Hellish imagery and references to death set the tone from the opening pages. The story starts as the ageing Michael Snowdon, in search of his family, walks past the graveyard of St. James’s, Clerkenwell, to the walls of the Middlesex House of Detention. He stops to glance at a nightmarish effigy above the prison gateway. ‘It was the sculptured counterfeit of a human face, that of a man distraught with agony. The eyes stared wildly from the sockets, the hair struggled in maniac disorder, the forehead was rung with torture, the cheeks sunken, the throat fearsomely wasted, and from the wide lips there seemed to be issuing a horrible cry.’ (The jail was much as Gissing describes, though he can have had only indirect knowledge of the tormented face above the gateway which appears to have been removed in the 1840s).
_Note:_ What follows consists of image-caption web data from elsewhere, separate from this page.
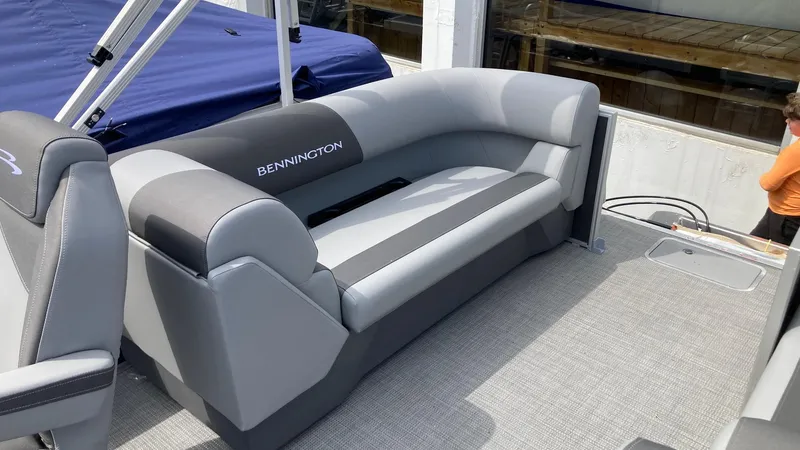 Slide: The Image of 2024 Bennington 22 SVSR pontoon boat with gray seating and carpeted deck. - 2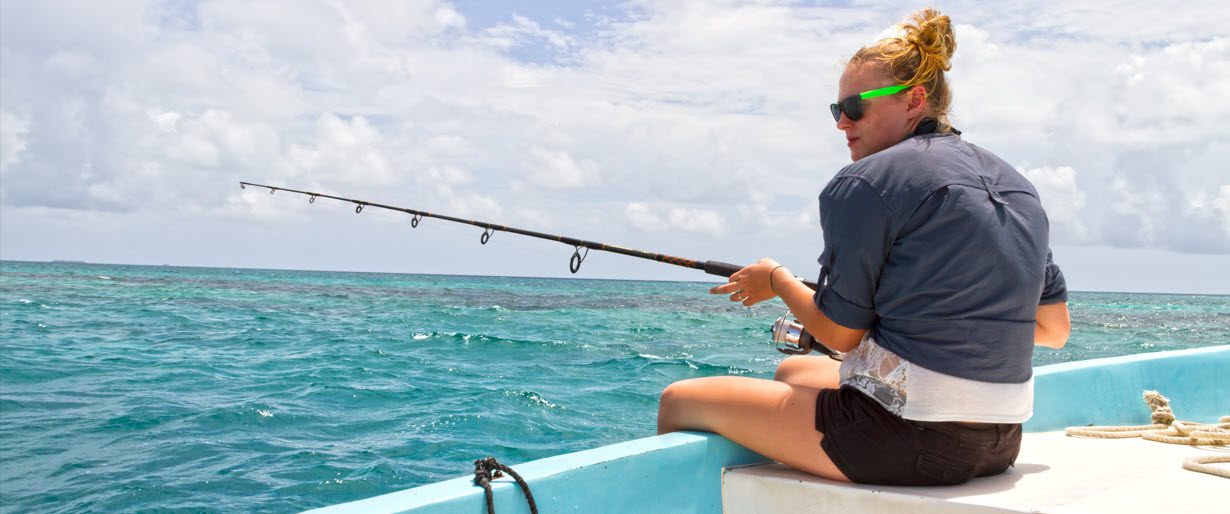 best deep sea rod and reel combos - girl fishing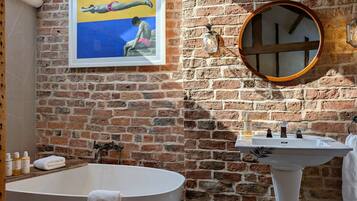 Un baño con una bañera grande, un lavabo, un espejo y una pared de ladrillo.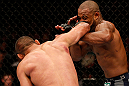 WINNIPEG, CANADA - JUNE 15:  (L-R) Dan Henderson punches Rashad Evans in their light heavyweight fight during the UFC 161 event at the MTS Centre on June 15, 2013 in Winnipeg, Manitoba, Canada.  (Photo by Josh Hedges/Zuffa LLC/Zuffa LLC via Getty Images)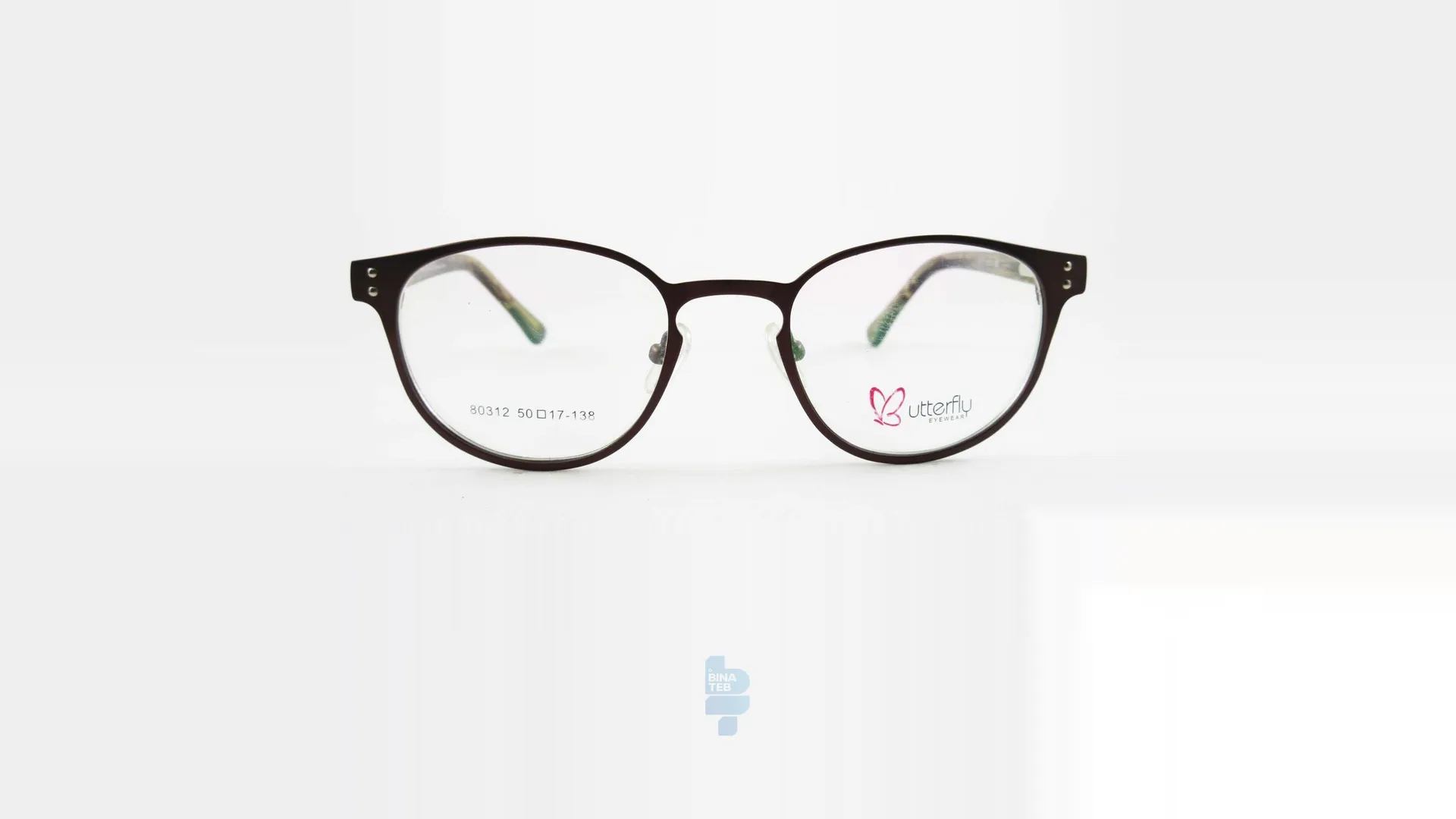 فریم عینک طبی BUTTERFLY زنانه با شکل گرد به رنگ قهوه ای و کد L-80312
The Peckover household nearby, introduced in the first chapter, is ‘dark and cavernous’ and home to a corpse awaiting burial. Clem has been reared in the ‘putrid soil of that nether world’. The book ends in another cemetery, at Michael Snowdon’s grave at Abney Park in Stoke Newington. The recurring refrain is of a populace trapped, entombed, in a cycle of suffering.
There’s an inescapable sense that Gissing alighted on his setting and theme and then populated the story, rather than the other way round. As a result, The Nether World’s depiction of the urban environment is more convincing than its account of those who dwell in it. The underworld Gissing describes is very circumscribed. Much of the action takes place within a quarter-of-a-mile of the opening scene on Clerkenwell Green, and almost all within a mile or two. He is precise in his topography, as if this exactness demonstrates the authenticity of his urban landscape. The routes taken by his ever perambulating characters are set down in detail. They are always on the move, though – until the closing sections of the story – they rarely move far. Dozens of street names are mentioned, and Shooter’s Gardens is the only important setting which can’t be found in a gazetteer. The word ‘Clerkenwell’ appears seventy-four times.
Most of Gissing’s fiction is imbued with a powerful sense of London. His novels stretch north and south of the river, from inner city tenements to the newer middle-class suburbs. London is not simply the setting, but a wellspring of his creativity, and while the urban panorama he offers is unsettling, he provides a more compelling sense of the late-Victorian city than any other contemporary novelist. That is in part because Gissing lived among the people he wrote about. He had married into the underworld, and knew the poorer parts of the city more intimately than most of its chroniclers.
George Gissing moved to London as a nineteen-year-old in the autumn of 1877. He was a Yorkshireman, born in Wakefield and northern educated, a product of the provincial middle class. By the time he came south, his life was in a groove from which he could not, or would not, escape. He had been expelled from Owen’s College in Manchester, where he had proved an exceptional student, for stealing money and had served five weeks in jail. He remained haunted by that disgrace. The theft was to help support a young Manchester prostitute, Nell Harrison, who became Gissing’s wife, and with whom he endured a miserable few years in London garrets – not themselves slums of the Shooter’s Gardens kind, but uncomfortably close vantage points. That tragic relationship tainted him, and provided much of the fire and fury in his early work. Gissing’s five novels of the London poor, of which The Nether World was the last, the bleakest and the most accomplished, were all the product of his first decade or so in the city – written while living with Nell, during their uneasy separation, or amid the catharsis of her drink-ridden decline.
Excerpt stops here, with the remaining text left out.